Try plotting the effort over a CV plot, using the data in the model.
---
**Plotting uncertainty**
Let's make plots to compare the maps using the delta method and variance propagation for the count model `dsm_nb_xy_ms_refit`:
```{r var-count-plot}
# vargam plot
dsm_nb_vargam_plot <- dsm.var.gam(dsm_nb_xy_ms_refit, predgrid_var_split,
off.set=predgrid$off.set)
# can use plot=FALSE to get the ggplot object that we can modify
pl_vg <- plot(dsm_nb_vargam_plot, plot=FALSE, observations=FALSE)
# modify plot
pl_vg <- pl_vg +
geom_point(aes(x=x, y=y), data=dsm_nb_noxy_ms_refit$data,
colour="lightgrey", alpha=.5, size=0.2) +
theme(legend.position="bottom") +
scale_fill_viridis_c()
# varprop plot
dsm_nb_varprop_plot <- dsm.var.prop(dsm_nb_xy_ms_refit, predgrid_var_split,
off.set=predgrid$off.set)
pl_vp <- plot(dsm_nb_varprop_plot, plot=FALSE, observations=FALSE)
pl_vp <- pl_vp +
geom_point(aes(x=x, y=y), data=dsm_nb_noxy_ms_refit$data,
colour="lightgrey", alpha=.5, size=0.2) +
theme(legend.position="bottom") +
scale_fill_viridis_c()
```
Putting that together in a plot:
```{r plot-vg-vp}
pl_vg + pl_vp
```
We can see some differences here in the spatial pattern of the ucnertainty as well as the overall size we see in the `summary` difference above.
---
---
**One more thing...**
What about using an interaction of EKE and Depth? I'll try this just for the count model with negative binomial response.

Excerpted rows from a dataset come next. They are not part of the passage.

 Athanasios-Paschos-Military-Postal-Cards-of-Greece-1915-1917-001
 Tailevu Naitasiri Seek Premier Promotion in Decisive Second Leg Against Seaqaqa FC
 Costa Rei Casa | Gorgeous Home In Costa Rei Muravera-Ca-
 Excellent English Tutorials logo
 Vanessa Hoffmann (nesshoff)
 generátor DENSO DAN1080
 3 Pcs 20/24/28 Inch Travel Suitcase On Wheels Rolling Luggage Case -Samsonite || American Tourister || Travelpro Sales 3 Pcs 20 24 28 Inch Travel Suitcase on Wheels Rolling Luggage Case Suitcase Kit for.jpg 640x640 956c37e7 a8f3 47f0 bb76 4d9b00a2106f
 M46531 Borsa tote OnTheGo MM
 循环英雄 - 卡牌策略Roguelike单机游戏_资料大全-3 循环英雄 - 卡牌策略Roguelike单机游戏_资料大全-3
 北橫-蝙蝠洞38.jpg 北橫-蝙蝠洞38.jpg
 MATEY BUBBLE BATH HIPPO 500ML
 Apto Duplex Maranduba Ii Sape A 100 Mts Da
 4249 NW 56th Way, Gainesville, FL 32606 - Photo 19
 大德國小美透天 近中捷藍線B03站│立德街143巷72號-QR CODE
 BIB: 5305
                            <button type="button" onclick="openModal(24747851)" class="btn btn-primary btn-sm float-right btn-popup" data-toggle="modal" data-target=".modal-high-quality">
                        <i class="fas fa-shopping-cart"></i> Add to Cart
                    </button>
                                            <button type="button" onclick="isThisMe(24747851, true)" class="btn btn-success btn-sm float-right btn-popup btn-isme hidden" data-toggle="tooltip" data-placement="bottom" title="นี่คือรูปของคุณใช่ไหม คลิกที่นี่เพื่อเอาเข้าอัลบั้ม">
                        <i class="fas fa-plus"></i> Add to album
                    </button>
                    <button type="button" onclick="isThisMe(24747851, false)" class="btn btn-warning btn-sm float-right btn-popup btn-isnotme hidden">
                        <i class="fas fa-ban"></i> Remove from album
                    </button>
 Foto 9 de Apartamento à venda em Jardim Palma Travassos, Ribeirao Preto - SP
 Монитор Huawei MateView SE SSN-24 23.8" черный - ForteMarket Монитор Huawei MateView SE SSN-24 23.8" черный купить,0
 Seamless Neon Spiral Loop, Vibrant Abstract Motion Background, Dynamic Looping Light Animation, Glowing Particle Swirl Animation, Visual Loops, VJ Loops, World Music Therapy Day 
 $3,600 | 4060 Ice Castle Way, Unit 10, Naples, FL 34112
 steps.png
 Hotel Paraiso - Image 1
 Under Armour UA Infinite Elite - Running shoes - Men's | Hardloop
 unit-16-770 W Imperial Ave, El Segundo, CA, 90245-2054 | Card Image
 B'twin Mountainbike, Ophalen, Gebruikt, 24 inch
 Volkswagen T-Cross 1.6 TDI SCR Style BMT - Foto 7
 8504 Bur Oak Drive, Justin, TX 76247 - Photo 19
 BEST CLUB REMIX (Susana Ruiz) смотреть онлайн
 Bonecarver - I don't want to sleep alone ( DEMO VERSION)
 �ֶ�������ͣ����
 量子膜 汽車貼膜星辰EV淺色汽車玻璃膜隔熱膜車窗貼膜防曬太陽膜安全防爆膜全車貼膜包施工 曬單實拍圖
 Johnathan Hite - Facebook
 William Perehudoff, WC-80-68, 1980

We can construct this using a *tensor product* which takes two (or more) univariate smooths and create a 2 (or more) dimensional smooth. We can set `k` for each dimension (we can even set different basis functions in each direction) but note that it's the term will use the product of these `k`s number of parameters (`k=c(10,10)` leads to a 100 parameter term!). The tensor product includes the univariate terms (it's a full interaction), so we need to remove them from the model:
```{r te}
dsm_nb_te <- dsm(count~s(x,y, bs="ts", k=30) +
#s(DistToCAS, bs="ts") + # 1
#s(SST, bs="ts") + # 3
te(EKE, Depth, bs="ts", k=c(10, 10)),# +
#s(NPP, bs="ts"), # 2
df_hr_beau, segs, obs,
family=nb())
summary(dsm_nb_te)
```
We can plot this just like any other model:
```{r plot-te}
plot(dsm_nb_te, scheme=2, shade=TRUE)
```
A useful test here of whether we need the tensor would be using the `ti` form of the tensor. This allows us to look at the parts of the interaction on their own. We can write a tensor product `te(x, y)` as `ti(x) + ti(y) + ti(x, y)`, so we get the main effects and interactions separately in the model `summary` table. Doing that:
```{r ti}
dsm_nb_ti <- dsm(count~s(x,y, bs="ts", k=30) +
#s(DistToCAS, bs="ts") +
#s(SST, bs="ts") +
ti(EKE, bs="ts", k=10) +
ti(Depth, bs="ts", k=10) +
ti(EKE, Depth, bs="ts", k=c(10, 10)),# +
#s(NPP, bs="ts"),
df_hr_beau, segs, obs,
family=nb())
summary(dsm_nb_ti)
```
We can see that the interaction term `ti(EKE, Depth)` has a very small EDF and isn't significant at the 0.05 level. So I think this one isn't a go-er unfortunately, even if the biological/oceanographic story is more compelling.